Below is what Maggianos had to say to me after I listed some foods that are issues and asked if they could be avoided:
Dear Ms. Brennan,
Thank you for your inquiry and for your interest in Maggiano's. In reference to your request for ingredient information, we require a physician's request to release ingredient information for our proprietary menu items. Please have your physician fax a letter to our Quality Assurance department at our corporate office in Dallas, Texas. The letter should include the name of our menu item(s) in question. The fax number is 972-628-8142. Thank you. Maggiano's Guest Relations Ref # 617578
This is what I sent in response:
I have to admit I'm blown away by your response. That was the most grotesque display of deficient customer service I have ever seen. I don't care to know what the particulars are regarding your ingredients. I just wanted to know You weren't going to kill me if I came there to eat. Clearly keeping my patronage is not of importance to you.

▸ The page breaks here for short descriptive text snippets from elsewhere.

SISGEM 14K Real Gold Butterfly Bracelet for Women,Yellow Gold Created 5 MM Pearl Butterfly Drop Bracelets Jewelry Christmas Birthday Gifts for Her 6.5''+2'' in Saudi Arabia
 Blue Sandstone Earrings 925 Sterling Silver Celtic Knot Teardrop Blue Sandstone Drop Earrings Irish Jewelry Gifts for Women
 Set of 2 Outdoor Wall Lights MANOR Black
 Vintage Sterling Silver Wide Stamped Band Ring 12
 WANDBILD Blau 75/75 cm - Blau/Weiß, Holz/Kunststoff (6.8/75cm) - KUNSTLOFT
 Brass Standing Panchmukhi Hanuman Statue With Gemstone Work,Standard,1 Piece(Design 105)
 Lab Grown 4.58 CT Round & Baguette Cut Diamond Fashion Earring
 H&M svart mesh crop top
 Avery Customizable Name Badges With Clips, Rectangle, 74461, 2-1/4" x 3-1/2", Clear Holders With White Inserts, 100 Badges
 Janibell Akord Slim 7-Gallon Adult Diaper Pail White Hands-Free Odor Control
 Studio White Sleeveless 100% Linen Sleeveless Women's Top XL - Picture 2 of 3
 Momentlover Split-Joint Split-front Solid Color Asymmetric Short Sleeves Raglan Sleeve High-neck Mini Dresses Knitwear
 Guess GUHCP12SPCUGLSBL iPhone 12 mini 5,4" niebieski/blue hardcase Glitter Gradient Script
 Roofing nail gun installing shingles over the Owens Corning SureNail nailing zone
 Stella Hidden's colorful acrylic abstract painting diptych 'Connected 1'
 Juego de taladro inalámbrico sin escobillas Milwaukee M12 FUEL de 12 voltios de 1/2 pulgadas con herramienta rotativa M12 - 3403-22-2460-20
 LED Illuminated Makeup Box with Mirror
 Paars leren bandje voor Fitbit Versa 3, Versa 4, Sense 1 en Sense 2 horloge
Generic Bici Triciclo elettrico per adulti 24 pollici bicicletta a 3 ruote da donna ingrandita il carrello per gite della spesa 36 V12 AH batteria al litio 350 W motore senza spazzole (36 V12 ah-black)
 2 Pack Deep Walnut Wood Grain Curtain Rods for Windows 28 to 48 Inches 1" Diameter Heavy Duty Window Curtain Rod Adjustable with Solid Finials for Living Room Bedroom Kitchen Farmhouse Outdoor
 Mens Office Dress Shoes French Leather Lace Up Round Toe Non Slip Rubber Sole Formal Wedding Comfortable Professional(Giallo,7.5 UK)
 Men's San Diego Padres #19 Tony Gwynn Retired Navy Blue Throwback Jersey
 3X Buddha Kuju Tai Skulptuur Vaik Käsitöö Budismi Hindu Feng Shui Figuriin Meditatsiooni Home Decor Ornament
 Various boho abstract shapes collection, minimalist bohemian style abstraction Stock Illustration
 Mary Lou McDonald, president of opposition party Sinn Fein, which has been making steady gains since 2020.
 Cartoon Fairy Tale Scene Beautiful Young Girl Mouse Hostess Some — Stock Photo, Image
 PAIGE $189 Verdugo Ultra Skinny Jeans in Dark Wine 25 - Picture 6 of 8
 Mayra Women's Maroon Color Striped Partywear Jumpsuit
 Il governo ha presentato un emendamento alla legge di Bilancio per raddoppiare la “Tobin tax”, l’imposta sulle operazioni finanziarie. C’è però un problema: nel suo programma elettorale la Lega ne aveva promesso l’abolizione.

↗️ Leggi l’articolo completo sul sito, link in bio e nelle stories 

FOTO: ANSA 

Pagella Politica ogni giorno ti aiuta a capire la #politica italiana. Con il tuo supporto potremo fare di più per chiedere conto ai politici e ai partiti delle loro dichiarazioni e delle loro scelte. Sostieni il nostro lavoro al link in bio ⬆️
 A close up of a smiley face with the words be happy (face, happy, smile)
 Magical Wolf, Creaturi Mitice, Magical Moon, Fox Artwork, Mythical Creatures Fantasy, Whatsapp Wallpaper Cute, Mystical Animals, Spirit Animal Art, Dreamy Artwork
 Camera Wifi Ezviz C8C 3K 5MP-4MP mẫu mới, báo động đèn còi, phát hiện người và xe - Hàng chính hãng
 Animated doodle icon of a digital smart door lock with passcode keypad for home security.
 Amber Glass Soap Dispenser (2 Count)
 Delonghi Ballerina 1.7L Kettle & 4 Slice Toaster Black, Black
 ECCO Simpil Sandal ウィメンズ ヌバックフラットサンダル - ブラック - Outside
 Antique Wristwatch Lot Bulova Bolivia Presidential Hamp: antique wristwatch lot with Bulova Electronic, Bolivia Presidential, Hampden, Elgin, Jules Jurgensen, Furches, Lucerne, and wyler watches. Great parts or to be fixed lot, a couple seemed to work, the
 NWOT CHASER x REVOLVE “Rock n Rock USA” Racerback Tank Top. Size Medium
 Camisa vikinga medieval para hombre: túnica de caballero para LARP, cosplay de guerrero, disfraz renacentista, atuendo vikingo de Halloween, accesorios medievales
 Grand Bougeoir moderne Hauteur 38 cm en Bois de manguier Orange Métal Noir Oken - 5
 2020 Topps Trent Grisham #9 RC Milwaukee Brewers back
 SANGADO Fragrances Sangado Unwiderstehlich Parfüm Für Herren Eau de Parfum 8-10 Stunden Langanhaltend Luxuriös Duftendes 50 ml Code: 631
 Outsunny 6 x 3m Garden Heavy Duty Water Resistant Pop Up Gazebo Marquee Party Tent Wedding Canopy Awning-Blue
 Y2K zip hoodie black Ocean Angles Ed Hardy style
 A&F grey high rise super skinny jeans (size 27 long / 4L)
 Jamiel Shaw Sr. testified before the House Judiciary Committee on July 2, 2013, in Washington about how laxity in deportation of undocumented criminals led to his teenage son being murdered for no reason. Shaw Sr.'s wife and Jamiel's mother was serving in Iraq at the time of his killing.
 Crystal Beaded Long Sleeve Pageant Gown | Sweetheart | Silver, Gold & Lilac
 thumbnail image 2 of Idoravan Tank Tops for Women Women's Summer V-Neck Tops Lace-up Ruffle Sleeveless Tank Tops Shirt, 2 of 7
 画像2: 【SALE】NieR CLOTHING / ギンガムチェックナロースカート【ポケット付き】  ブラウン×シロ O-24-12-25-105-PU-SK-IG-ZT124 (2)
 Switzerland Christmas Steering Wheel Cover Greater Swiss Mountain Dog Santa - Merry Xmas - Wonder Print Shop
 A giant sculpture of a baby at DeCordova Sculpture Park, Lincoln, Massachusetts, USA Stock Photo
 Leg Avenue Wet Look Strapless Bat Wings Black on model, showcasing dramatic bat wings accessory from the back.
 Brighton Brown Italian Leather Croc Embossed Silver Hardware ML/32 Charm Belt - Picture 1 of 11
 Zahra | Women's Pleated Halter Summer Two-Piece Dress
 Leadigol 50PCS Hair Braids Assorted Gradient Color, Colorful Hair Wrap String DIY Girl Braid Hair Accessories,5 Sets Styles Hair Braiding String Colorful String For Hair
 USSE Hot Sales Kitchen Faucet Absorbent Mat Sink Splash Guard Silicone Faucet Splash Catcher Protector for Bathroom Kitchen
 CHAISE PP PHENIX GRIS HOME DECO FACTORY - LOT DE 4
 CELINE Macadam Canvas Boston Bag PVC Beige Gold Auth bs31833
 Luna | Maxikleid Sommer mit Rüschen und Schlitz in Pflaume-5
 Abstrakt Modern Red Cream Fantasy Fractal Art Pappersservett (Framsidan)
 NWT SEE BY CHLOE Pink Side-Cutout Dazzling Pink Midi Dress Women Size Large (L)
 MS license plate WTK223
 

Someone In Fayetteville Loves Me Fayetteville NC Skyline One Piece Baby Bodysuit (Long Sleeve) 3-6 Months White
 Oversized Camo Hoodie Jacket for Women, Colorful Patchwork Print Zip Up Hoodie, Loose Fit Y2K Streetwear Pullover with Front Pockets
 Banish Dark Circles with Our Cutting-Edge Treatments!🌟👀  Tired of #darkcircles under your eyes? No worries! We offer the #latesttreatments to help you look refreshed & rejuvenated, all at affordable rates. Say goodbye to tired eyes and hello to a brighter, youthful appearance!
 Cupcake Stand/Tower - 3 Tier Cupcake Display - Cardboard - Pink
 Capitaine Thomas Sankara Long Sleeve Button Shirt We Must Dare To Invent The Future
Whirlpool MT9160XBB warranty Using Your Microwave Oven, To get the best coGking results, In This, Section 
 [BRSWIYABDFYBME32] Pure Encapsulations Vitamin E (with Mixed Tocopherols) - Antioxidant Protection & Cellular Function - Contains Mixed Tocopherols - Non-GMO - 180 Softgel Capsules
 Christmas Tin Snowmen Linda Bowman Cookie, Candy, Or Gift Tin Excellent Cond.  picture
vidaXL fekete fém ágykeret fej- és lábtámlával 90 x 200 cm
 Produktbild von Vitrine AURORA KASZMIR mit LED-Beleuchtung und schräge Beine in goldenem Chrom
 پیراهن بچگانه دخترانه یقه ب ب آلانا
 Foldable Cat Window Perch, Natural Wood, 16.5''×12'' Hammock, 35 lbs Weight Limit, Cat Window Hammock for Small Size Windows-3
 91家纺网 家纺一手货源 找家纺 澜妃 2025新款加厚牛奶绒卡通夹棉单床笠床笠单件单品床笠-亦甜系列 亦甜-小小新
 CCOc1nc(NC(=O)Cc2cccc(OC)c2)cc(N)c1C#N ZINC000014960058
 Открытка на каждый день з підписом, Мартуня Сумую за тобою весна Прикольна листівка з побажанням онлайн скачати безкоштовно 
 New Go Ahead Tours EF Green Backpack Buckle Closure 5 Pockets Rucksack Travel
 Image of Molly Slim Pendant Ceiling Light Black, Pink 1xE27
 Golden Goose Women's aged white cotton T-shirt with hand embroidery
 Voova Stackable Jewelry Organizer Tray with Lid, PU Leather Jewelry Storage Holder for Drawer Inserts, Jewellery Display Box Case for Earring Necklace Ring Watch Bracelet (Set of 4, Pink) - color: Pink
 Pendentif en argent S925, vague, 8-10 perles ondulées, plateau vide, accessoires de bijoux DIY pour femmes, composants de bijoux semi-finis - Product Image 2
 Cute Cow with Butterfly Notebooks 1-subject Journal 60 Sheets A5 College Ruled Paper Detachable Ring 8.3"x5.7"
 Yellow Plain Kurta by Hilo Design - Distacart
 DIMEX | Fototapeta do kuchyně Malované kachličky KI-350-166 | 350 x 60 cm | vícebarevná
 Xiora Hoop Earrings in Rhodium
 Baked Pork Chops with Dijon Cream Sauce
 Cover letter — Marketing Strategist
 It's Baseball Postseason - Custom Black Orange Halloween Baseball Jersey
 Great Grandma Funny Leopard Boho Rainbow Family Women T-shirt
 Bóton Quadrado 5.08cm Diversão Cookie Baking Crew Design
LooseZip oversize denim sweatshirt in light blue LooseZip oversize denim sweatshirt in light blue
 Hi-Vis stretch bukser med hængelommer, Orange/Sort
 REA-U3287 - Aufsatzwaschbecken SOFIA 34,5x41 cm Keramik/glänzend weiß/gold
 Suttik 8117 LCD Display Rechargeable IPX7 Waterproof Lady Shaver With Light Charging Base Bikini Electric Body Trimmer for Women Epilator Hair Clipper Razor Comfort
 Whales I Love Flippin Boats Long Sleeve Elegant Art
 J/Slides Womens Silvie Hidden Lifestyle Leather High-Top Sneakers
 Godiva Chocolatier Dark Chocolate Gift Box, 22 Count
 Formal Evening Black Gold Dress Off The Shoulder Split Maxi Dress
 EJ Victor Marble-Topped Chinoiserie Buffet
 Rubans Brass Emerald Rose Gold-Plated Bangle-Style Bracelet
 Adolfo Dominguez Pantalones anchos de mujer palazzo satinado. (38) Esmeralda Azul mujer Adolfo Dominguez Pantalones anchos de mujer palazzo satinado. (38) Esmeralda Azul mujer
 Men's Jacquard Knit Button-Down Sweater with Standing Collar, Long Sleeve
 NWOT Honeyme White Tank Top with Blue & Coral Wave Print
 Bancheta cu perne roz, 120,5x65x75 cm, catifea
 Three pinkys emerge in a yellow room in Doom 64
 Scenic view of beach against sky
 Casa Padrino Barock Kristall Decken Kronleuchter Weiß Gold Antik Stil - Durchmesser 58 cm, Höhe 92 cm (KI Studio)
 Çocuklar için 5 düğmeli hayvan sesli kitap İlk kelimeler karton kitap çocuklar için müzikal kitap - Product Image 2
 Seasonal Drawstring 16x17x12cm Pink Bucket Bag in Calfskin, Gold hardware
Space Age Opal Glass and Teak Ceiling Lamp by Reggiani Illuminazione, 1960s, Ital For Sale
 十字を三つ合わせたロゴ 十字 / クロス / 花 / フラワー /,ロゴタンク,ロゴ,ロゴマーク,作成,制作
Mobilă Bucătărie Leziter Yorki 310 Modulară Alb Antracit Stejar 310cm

Days after this email I received a phone call from the Kitchen Manager from the Tyson’s location. I told her I had already heard from the corporate office, was VERY offended, and really didn’t need to waste any more time on it. She apologized for my upset and said she didn’t know they had contacted me. I offered to forward her a copy of the email response from them (she said she really wished she could see what they had written, which felt like she was fishing for a copy of the email). She was nice and rather prepared… She reviewed a list of dishes that would work for me. Their chefs cook everything from scratch in their own kitchens, and so are very aware of what ingredients are going into their menu items. This woman seemed willing to help me.
But later that night I found I had received a voicemail from their General Manager wanting to follow up on the email from corporate as well. I just wanted somewhere to go and have dinner. I didn’t want to get attacked by a corporate office and end up in the middle of a battle between the little guy and the head honchos. Thank God I had enough sense to contact several other places as well. Those response were far better. But this still left me feeling like I may need to go back into my shell rather than contacting more.
Signed,
Sad and hungry, Nicole Brennan
Nicole,
Thanks for sending this.
I'm not interested in playing cop in this matter, in getting involved in an elaborate he said/she said as to who is right and who is wrong.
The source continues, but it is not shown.